You may be sitting on a gold mine and not know it.
In a study conducted by market research group TNS (formerly Taylor Nelson Sofres) and sponsored by online buy-and-sell website OLX Philippines, the collective Filipino household has P21 billion worth of unused but still functional items such as gadgets, home appliances, clothes, fashion accessories and cars.
Cameras, video cams and accessories are estimated at P1 billion, while old desktops, laptops and accessories could be worth up to P3.5 billion. Unused clothes could amount to P1.5 billion; CDs, disused VCDs and DVDs, P65.8 million; books and magazines, P153.9 million; kitchen appliances, P1.08 billion; furniture, P32.16 million; jewelry and watches, P708.95 million; artworks, P4.5 million.

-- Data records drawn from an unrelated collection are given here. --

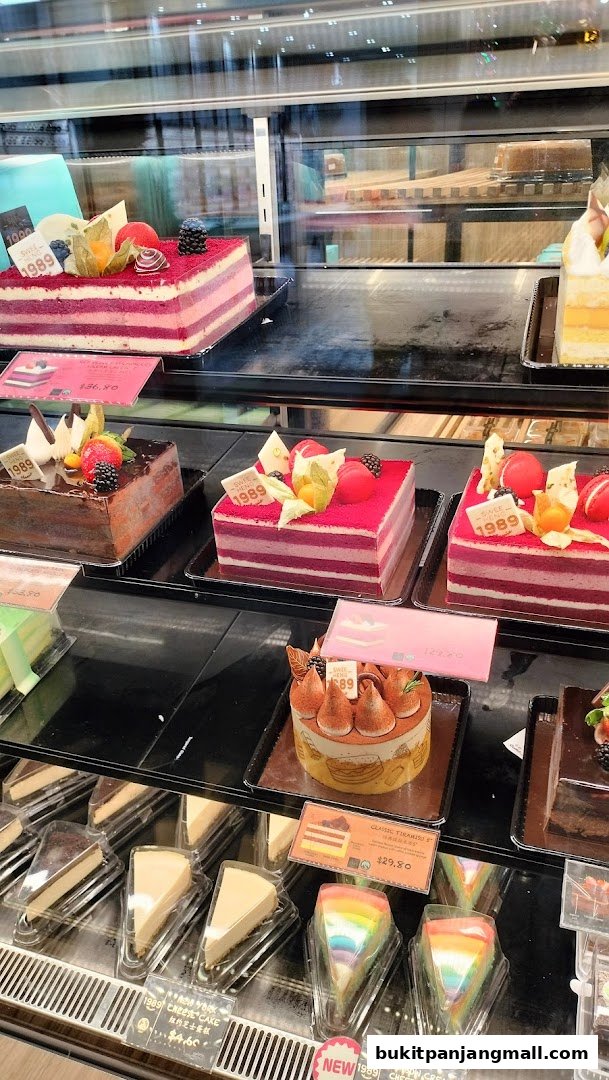 A display case filled with various beautifully decorated cakes and cake slices.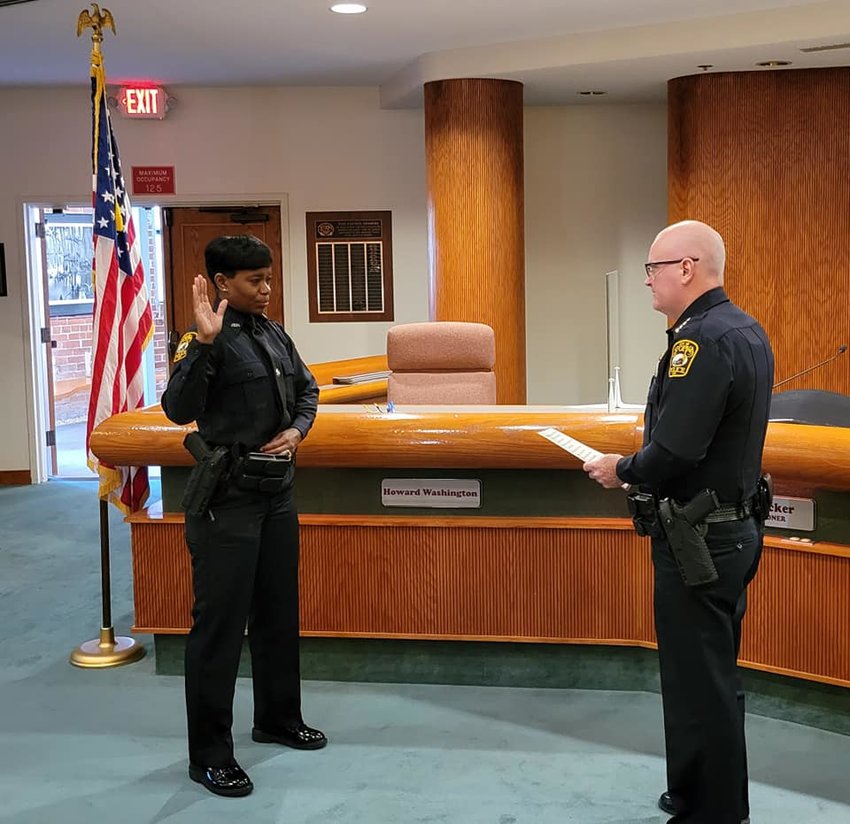 Apopka Police Michael McKinley swears in new APD Officer Kimberly May.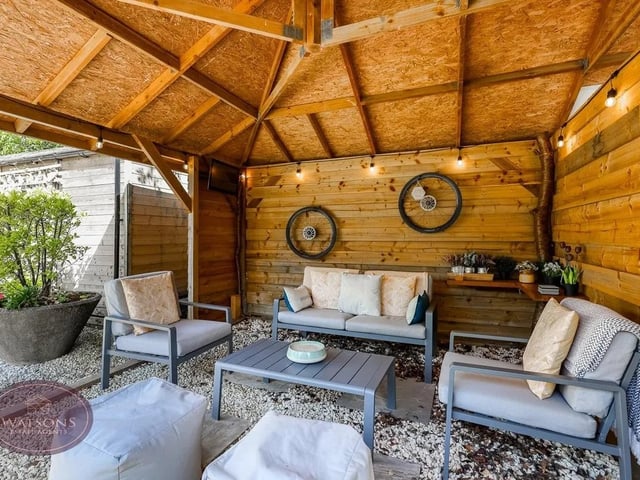 To the front of the property is a timber storage/seating area, perfect for alfresco entertaining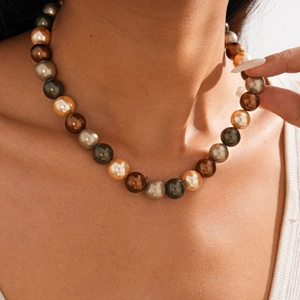 Gros plan sur un collier de perles fantaisie multicolores aux tons champagne et gris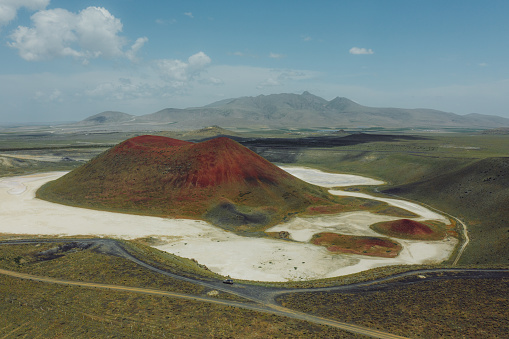 Drone high-angle photo of a couple enjoying a journey to the mountains, contemplating the green volcanic landscape with a bright red crater of the volcano surrounded by the salt Meke lake, Turkey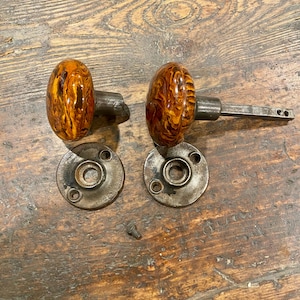 May include: A pair of round door knobs featuring a marbled amber and brown swirl pattern with a glossy finish. Each knob is attached to a dark metallic spindle and is accompanied by a circular metal mounting plate with three screw holes.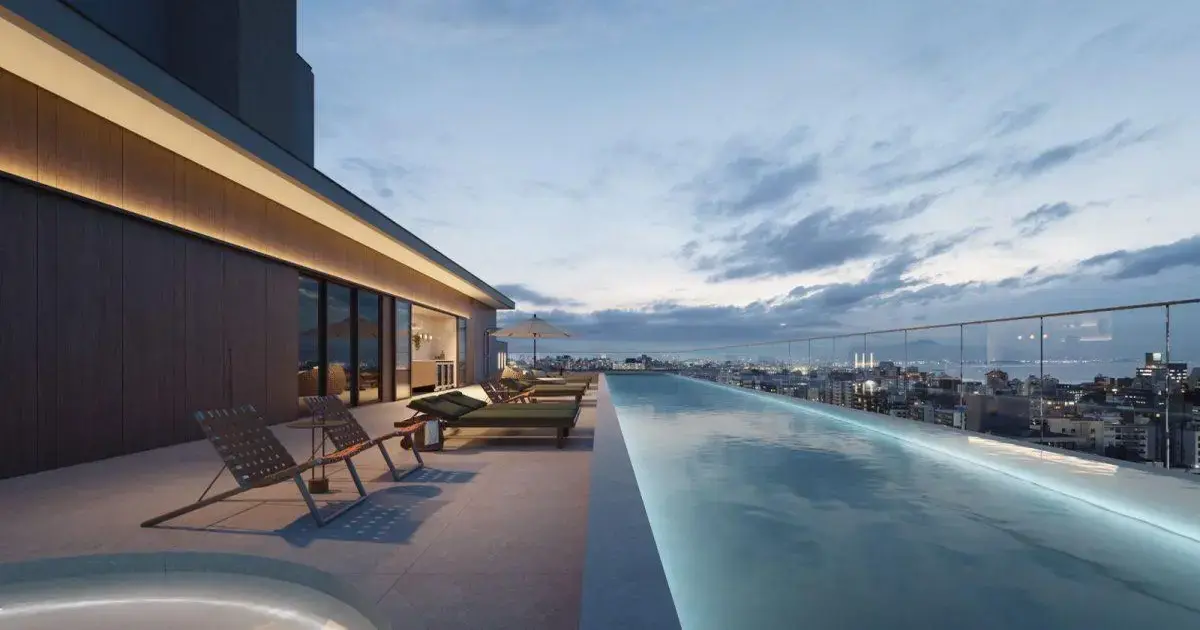 Pôr do sol visto de uma piscina infinita em um terraço com espreguiçadeiras e uma cidade ao fundo.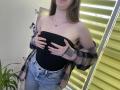 Nesie with bare boobs, hands covering black tube top, plaid shirt off shoulders, blue jeans, standing by yellow blinds, brown hair, necklace, rings, green plant in bottom left.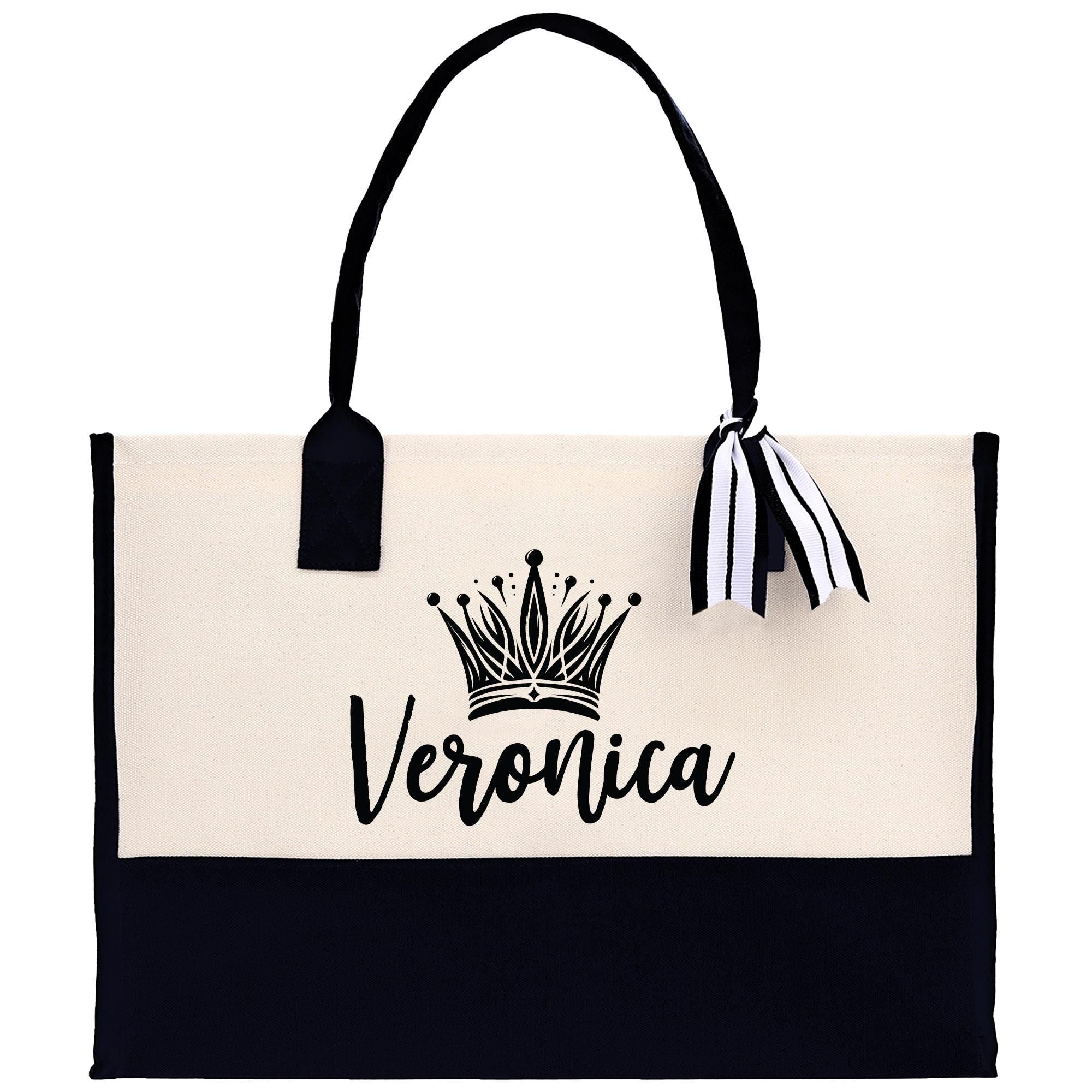 A beige tote bag with a black handle and a black and white striped ribbon tied around it. The bag has a crown design on the front and the name &quot;Veronica&quot; printed on it.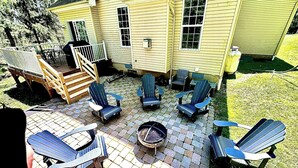 Un patio con sillas Adirondack, un hogar para fuego y una terraza de madera que conduce a una casa.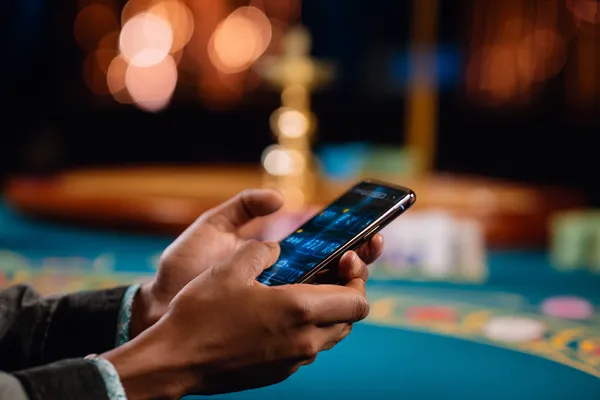 A player using their smartphone during a festive local event, representing TK99’s fully mobile-friendly casino.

“[The numbers] validate the claim that one man’s trash is another man’s treasure,” said Me-Anne Bundalian, head of business development, sales and marketing of OLX Philippines.
The study was part of OLX Philippines’ “Yesss, Yaman!” campaign that seeks to inform Filipinos of the potential moneymaking items in their homes. It launched the Yaman Checklist function on its website that allows users to identify and calculate the estimated value of their secondhand items.
“We want Filipinos to become active in selling,” said RJ David, co-founder and managing director of OLX Philippines. “We believe in decluttering our houses. Selling secondhand items is something that can improve your life—magbawas ng kalat sa bahay para umunlad ang buhay.”
The convenience of online shopping has made the medium popular the past few years. But how safe is the system? How do you guard against scammers?
Or, if you’re a seller, how can you tell the buyer is the real deal and not someone out to steal your product?
David offers a simple solution: Demand a meet-up with the seller or buyer. See the actual item and test it for any defects. That’s why, he said, OLX Philippines’ product searches work.
“In our eight-year experience, meeting the seller or buyer face-to-face prevents scams 99.5 percent of the time. We are not pushing the idea of somebody residing in Metro Manila to buy an item in Davao City.”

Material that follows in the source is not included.